Death in Spandex: Death dances the streets of 1980s Kansas City in ‘Slashdance’

Joey Hill

It’s easy to say the walking un-dead have infested almost every corner of the present culture.

Zombies are proving to appear as a full blown cultural force, finding a place for themselves in any setting, any genre and any decade. Thus, it’s no surprise they would find a comfortable spot in the 1980s.

“Slashdance” which premiered on March 7, is a musical horror-comedy performed at the Coterie Theatre. It meets ‘80s dance classic “Flashdance” with a hostile, zombie-infested Kansas City as survivors struggle to make their dreams come true.

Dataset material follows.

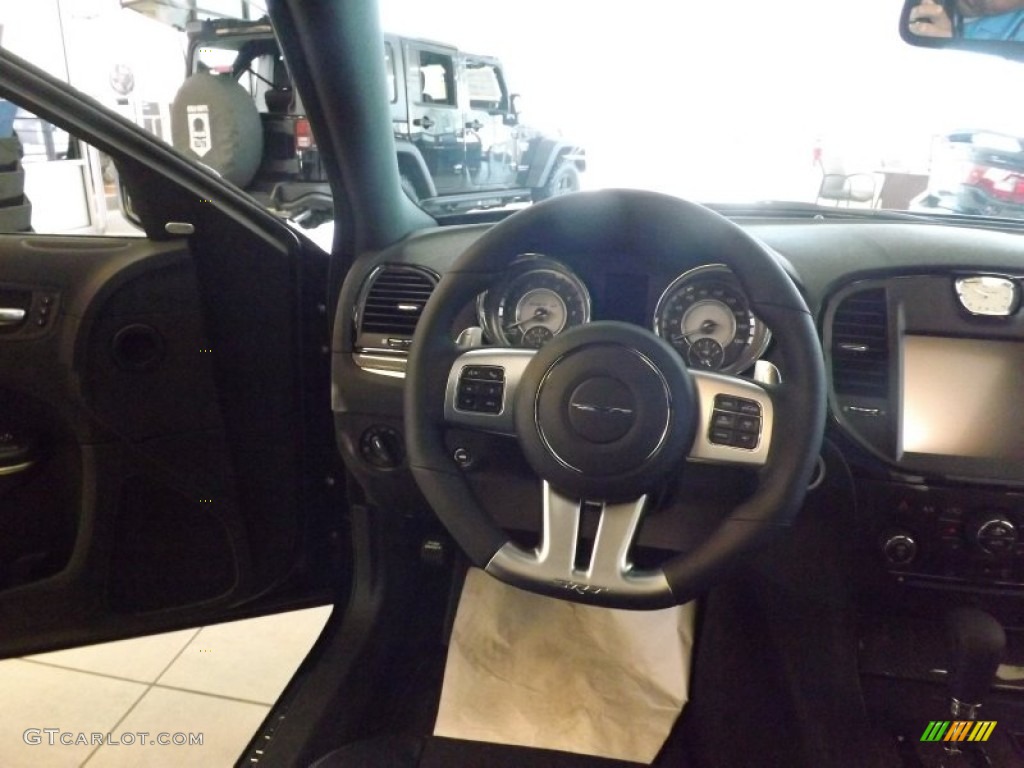 2012 Chrysler 300 SRT8 Black Steering Wheel Photo #65014782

The original “Flashdance” was released in 1983 and starred actress Jennifer Beals as Alexandra Owens, a welder who dreams of becoming a professional dancer.

The film has since gained a cult following. It should be noted that “Slashdance” is not simply “Flashdance” with zombies. When one walks into the theater and searches for a seat, they are greeted with a smoky set illuminated with bright fluorescent blue, red, yellow and green lights. There’s a large towering wall of debris covered with scaffolding and hazard signs all the while loud ’80s pop music blares form every corner.

This is the barricade, a wall made to keep the cannibals, as they are referred to in the play, from the few remaining survivors. The barricade is kept up by a group of welders, one of which is the beautiful Alexis Bowens, a fighter who dreams of one day going to the prestigious Kansas City School of Classical Ballet and Pole Dancing. The road to fame is hard, and as the body count rises, she beings to understand what really drives her passion.

The play is performed so expertly, it can actually stand on its own as a fantastic story without any real knowledge of the original film. Much of the comedy is lighthearted though rather mature in some moments. The moments of violent eradication of hoards of cannibals rushing the stage help make it clear why audience members much be at least 13.

The choreography is fantastic not deviating from the source material and expertly incorporating the hack and slash moments of cannibal killing with pulsating lighting and the unforgettable ‘80s-based soundtrack. The action never lets up and even if it appears as though it has, the blood-curdling screams of the cannibal hoards are not far behind.

“Slashdance” feels like a campy ’80s horror film when it needs to, and it can also be absolutely hilarious. It’s a triumph of musical comedy theater never taking itself too seriously and an all-around fantastic show.

“Slashdance” will run through March 24.